*Dataset excerpts*
○ ○ ○
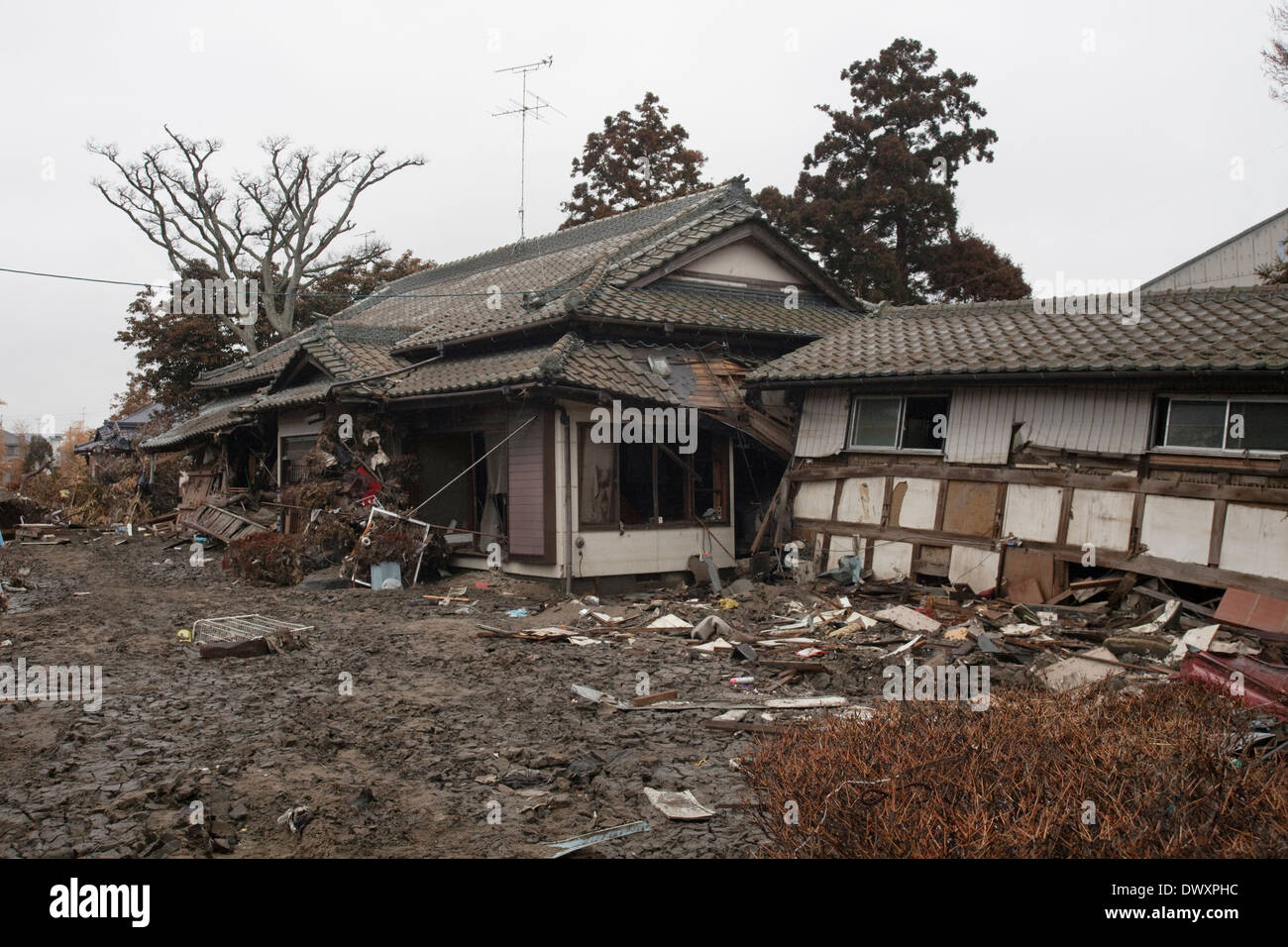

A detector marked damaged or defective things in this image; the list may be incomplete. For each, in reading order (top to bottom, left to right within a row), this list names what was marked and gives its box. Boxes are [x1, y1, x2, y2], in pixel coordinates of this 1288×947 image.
○ ○ ○
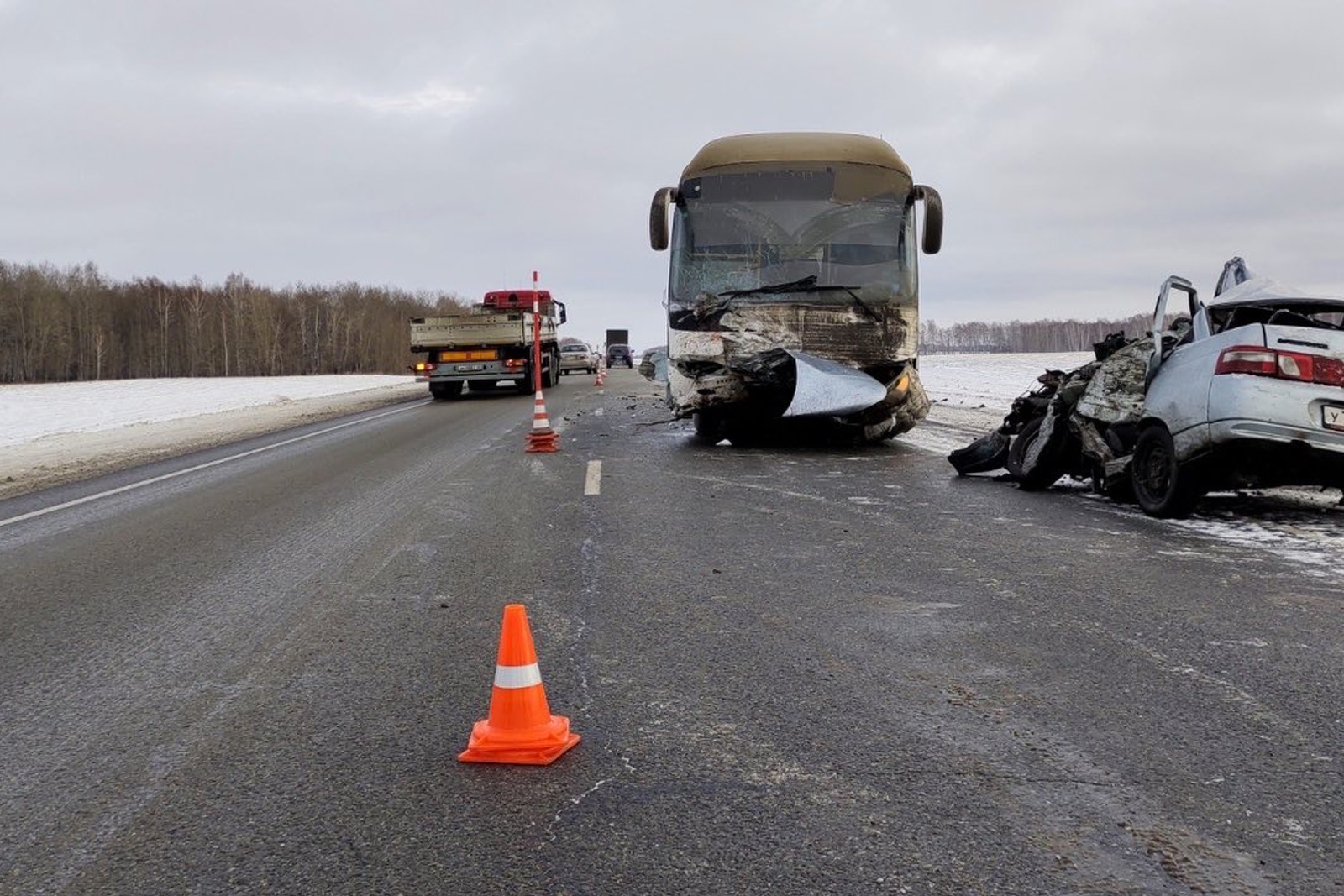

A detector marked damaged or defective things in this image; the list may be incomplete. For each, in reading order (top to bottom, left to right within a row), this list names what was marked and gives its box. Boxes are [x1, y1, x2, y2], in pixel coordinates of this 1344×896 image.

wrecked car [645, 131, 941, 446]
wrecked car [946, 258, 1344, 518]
○ ○ ○
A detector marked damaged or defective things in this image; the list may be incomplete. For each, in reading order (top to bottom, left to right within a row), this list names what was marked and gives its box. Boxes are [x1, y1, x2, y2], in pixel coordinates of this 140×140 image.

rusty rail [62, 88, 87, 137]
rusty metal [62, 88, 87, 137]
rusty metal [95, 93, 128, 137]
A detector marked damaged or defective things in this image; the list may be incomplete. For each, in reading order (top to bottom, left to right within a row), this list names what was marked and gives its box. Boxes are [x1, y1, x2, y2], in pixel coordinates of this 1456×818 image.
○ ○ ○
*What you are asked to do*
Above are the lines; repeat exactly the ones from the line containing "this 140×140 image." down to the line containing "this 1456×818 image.", both inclusive.

*Solution*
A detector marked damaged or defective things in this image; the list may be incomplete. For each, in reading order (top to bottom, left to right within a row), this list names what was marked and gives its box. Boxes are [x1, y1, x2, y2], in pixel coordinates of this 140×140 image.

rusty rail [62, 88, 87, 137]
rusty metal [62, 88, 87, 137]
rusty metal [95, 93, 128, 137]
A detector marked damaged or defective things in this image; the list may be incomplete. For each, in reading order (top to bottom, left to right within a row), this list names what was marked and gives its box. Boxes are [x1, y1, x2, y2], in pixel coordinates of this 1456×818 image.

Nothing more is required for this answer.